On appeal, Petitioners alleged that the Project design was inconsistent with the City’s Downtown Specific Plan due to the Project’s size, orientation, window layout, and lack of individuality and open space. Because the Project involved affordable housing, the Court applied the objective design and reasonable person standards found in the Housing Accountability Act (Gov. Code, § 65589.5) (HAA). Under the HAA, the inquiry is limited to whether there is substantial evidence that would allow a reasonable person to conclude that the housing development project complies with the pertinent standards. If so, a city’s determination is upheld. Conversely, under California planning and zoning law, a city’s general plan consistency determination is reversed only if it is based on evidence from which “no reasonable person could have reached the same conclusion,” a less stringent standard according to Petitioners here. However, the Court rejected the argument that such distinction made any difference, finding that there is little practical difference between the two tests. And under either test, Petitioners failed to show the Project was inconsistent with the City’s Downtown Specific Plan. Moreover, the Court expressed doubts that some of the specific plan’s design standards could be used to deny approval under the HAA simply because they were subjective standards. 

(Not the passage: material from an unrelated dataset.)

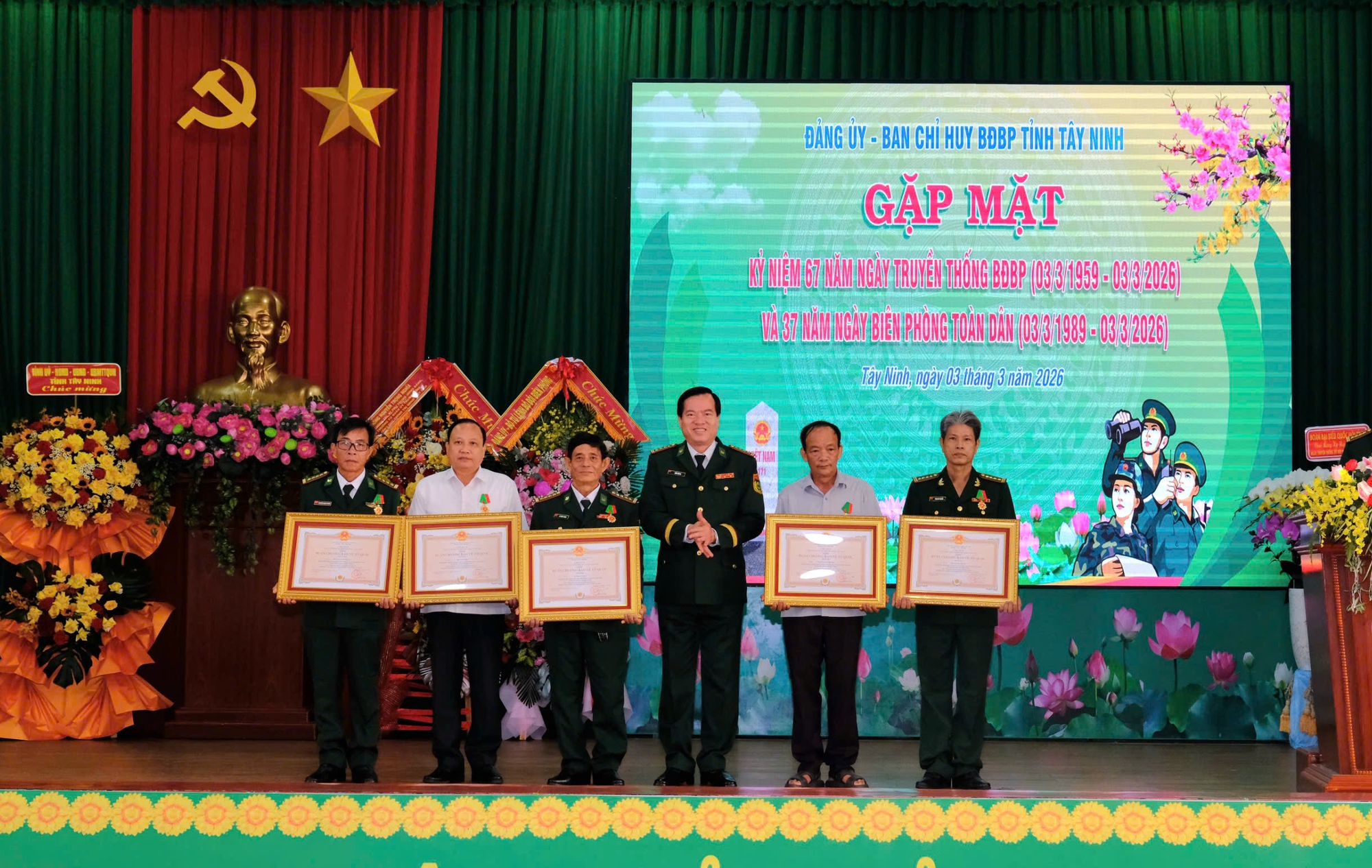 Biên phòng Tây Ninh nhận 13 huân chương, 98 huy chương cá nhân dịp 67 năm ngày truyền thống 1 biên phòng - Ảnh 1.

Petitioner also alleged that the Project should not have been exempt from CEQA because it relied on a supplemental EIR (SEIR) that only analyzed impacts at a “programmatic level,” and new soil studies and samples onsite constituted new information triggering the need to conduct further CEQA review. The Court rejected this argument and held that the SEIR adequately analyzed the Project’s impacts and the City correctly applied the exemption.

Finally, the Court found the trial court appropriately required Petitioners to post bond, and referenced the trial court’s findings: (1) that Petitioner’s challenges lacked merit, (2) bearing the cost of posting the bond would not cause Petitioner undue hardship, and (3) the action was brought to delay the Project. When making this final conclusion, the trial court had noted that the petition was filed at the last moment, and Petitioner allowed two months to pass before starting to prepare the administrative record. Even then, Petitioner only started preparing the record when prompted by the City and thereafter sought a 60-day extension. All of these tactics ultimately caused the hearing on the merits to be delayed. Now that the City has prevailed and injunction dissolved, the trial court should now be in a position to force payment on the bond, which could be substantial given the passage of time and the turning market. This ruling could deter petitioners in future cases from either seeking injunctive relief or delaying the proceedings.

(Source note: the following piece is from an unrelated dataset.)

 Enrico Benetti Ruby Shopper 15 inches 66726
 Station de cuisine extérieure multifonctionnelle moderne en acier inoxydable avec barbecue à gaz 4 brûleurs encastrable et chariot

While the opinion was initially signed to be unpublished, the Court on January 26, 2023, granted the requests to have the opinion published, filed by Eden Housing (Real Party in Interest), the California Building Industry Association, Andrew R. Contreiras (Deputy Attorney General for Amicus Curiae), Eric S. Phillips (for Respondent), and Robin R. Baral (for YIMBY).

Key Points

  • The Court gave multiple examples of what looks like delay as it relates to posting bond under Code of Civil Procedure section 529.2, including filing on the last day possible, delay in preparing the administrative record, and delays in reaching a hearing.
  • Where a City has approved the project at issue, there is little practical difference between the HAA’s standard of review and the standard of review concerning a city’s general plan consistency.